Input records>
⟨

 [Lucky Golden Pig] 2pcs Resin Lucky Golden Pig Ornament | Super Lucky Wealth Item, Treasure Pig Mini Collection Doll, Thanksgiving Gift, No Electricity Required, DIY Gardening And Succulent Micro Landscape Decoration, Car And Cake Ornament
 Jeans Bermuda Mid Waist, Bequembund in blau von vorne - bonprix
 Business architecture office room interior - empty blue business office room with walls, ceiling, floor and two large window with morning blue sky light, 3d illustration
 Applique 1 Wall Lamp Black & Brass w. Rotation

⟩
⟨

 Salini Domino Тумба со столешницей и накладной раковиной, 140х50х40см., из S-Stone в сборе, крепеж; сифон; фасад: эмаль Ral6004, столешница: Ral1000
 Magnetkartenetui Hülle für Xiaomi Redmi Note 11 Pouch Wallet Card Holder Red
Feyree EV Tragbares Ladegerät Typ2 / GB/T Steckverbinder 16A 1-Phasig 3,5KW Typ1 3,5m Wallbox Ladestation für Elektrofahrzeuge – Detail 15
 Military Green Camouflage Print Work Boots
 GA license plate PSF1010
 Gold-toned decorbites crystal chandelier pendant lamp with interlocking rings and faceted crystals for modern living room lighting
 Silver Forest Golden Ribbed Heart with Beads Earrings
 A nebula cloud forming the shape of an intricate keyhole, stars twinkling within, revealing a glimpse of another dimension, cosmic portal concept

⟩
⟨

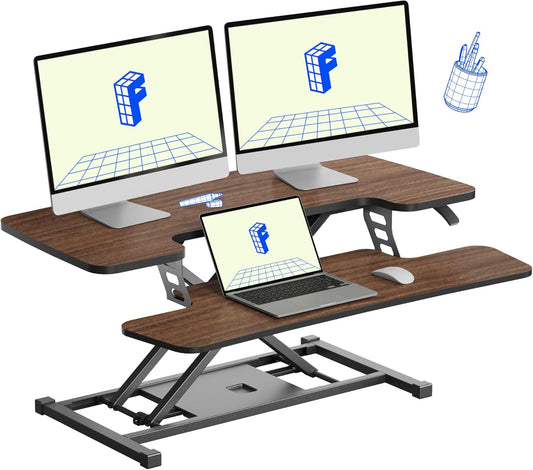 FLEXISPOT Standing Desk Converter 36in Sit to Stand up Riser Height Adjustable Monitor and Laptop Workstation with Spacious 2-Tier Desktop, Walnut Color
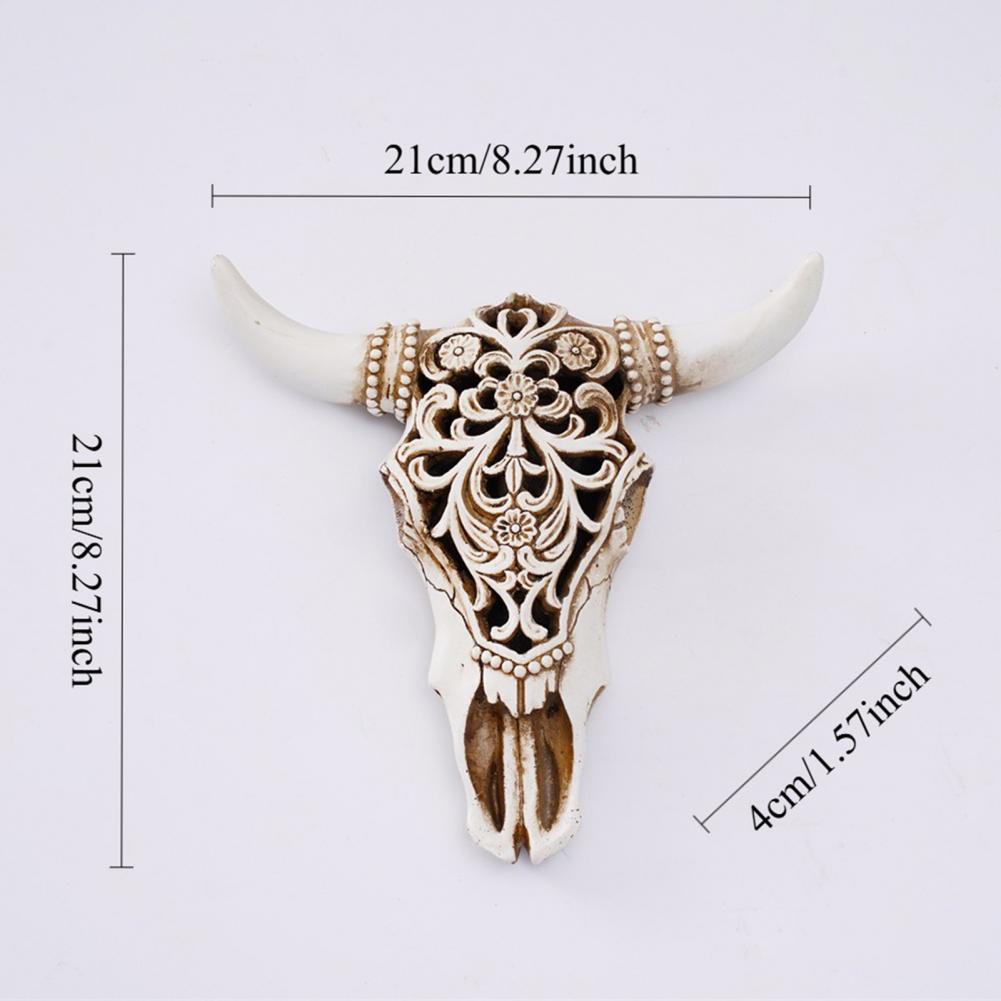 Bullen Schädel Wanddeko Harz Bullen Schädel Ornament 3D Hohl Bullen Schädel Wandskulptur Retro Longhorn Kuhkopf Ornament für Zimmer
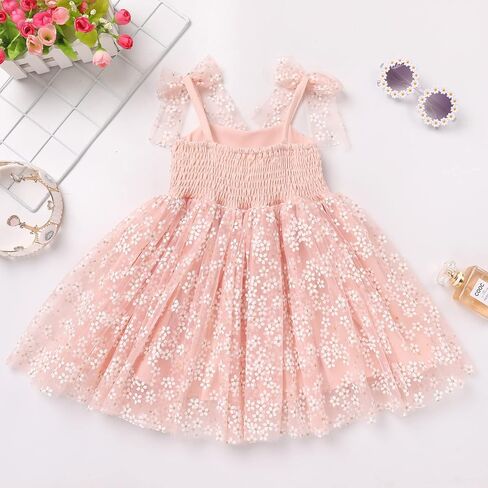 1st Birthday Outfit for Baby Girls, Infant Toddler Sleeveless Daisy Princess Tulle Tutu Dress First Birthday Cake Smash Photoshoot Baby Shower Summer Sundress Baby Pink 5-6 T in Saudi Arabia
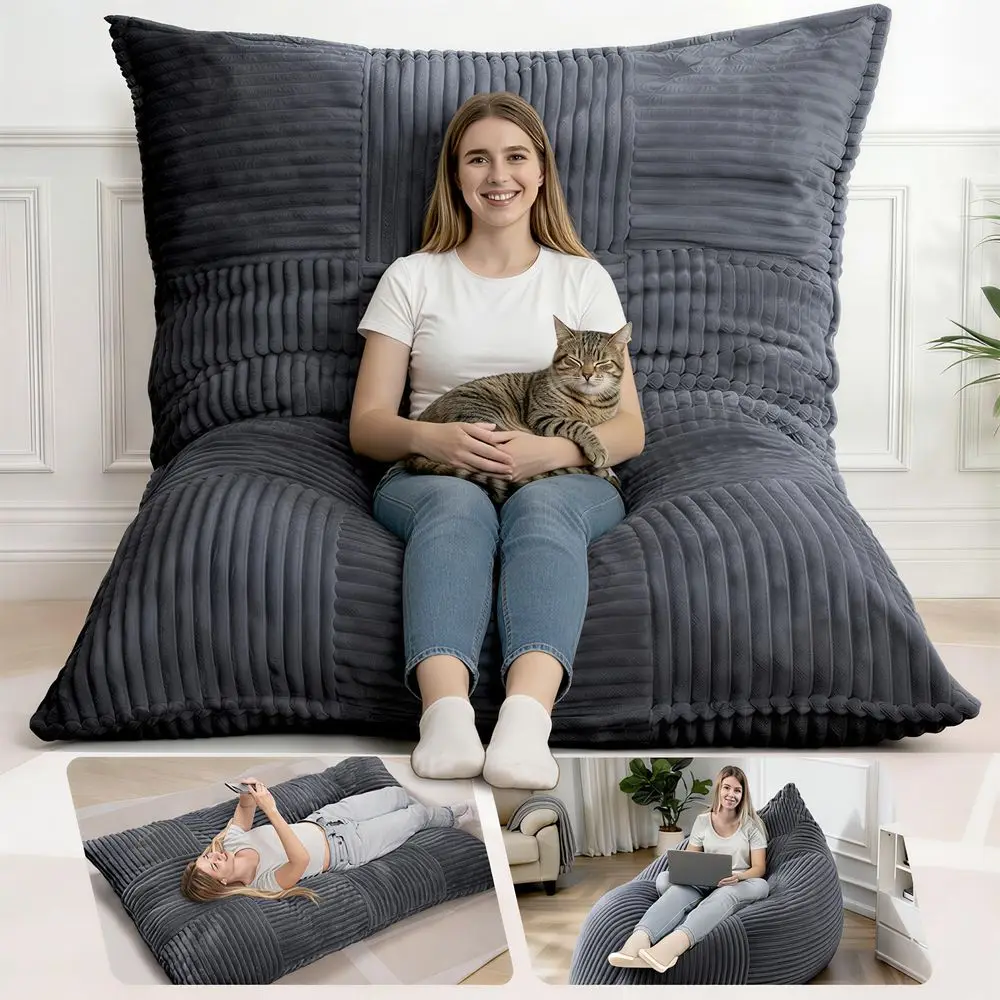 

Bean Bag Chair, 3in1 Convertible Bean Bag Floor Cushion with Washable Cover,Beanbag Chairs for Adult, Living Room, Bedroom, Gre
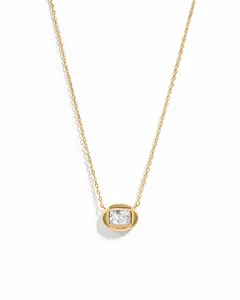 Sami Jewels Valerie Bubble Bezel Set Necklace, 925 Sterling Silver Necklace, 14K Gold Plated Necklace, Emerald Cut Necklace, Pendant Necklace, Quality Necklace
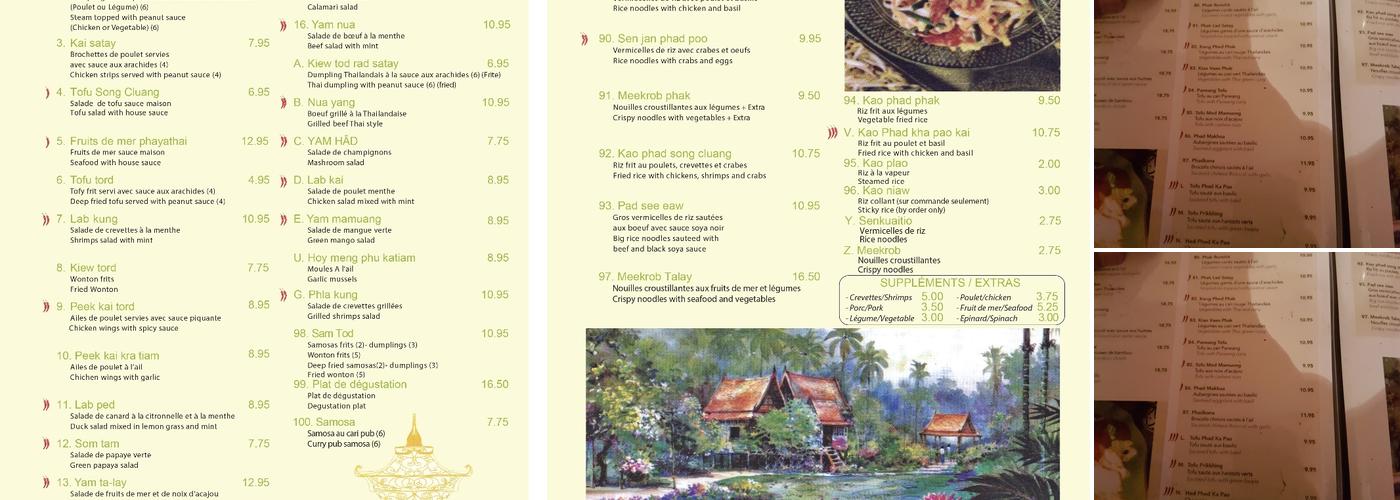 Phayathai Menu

⟩

Exercise details>
Go to the line in the material above that contains "Military Green Camouflage Print Work Boots" and copy exactly from there through the line that contains "A nebula cloud", stopping after it.

Written answer>
 Military Green Camouflage Print Work Boots
 GA license plate PSF1010
 Gold-toned decorbites crystal chandelier pendant lamp with interlocking rings and faceted crystals for modern living room lighting
 Silver Forest Golden Ribbed Heart with Beads Earrings
 A nebula cloud forming the shape of an intricate keyhole, stars twinkling within, revealing a glimpse of another dimension, cosmic portal concept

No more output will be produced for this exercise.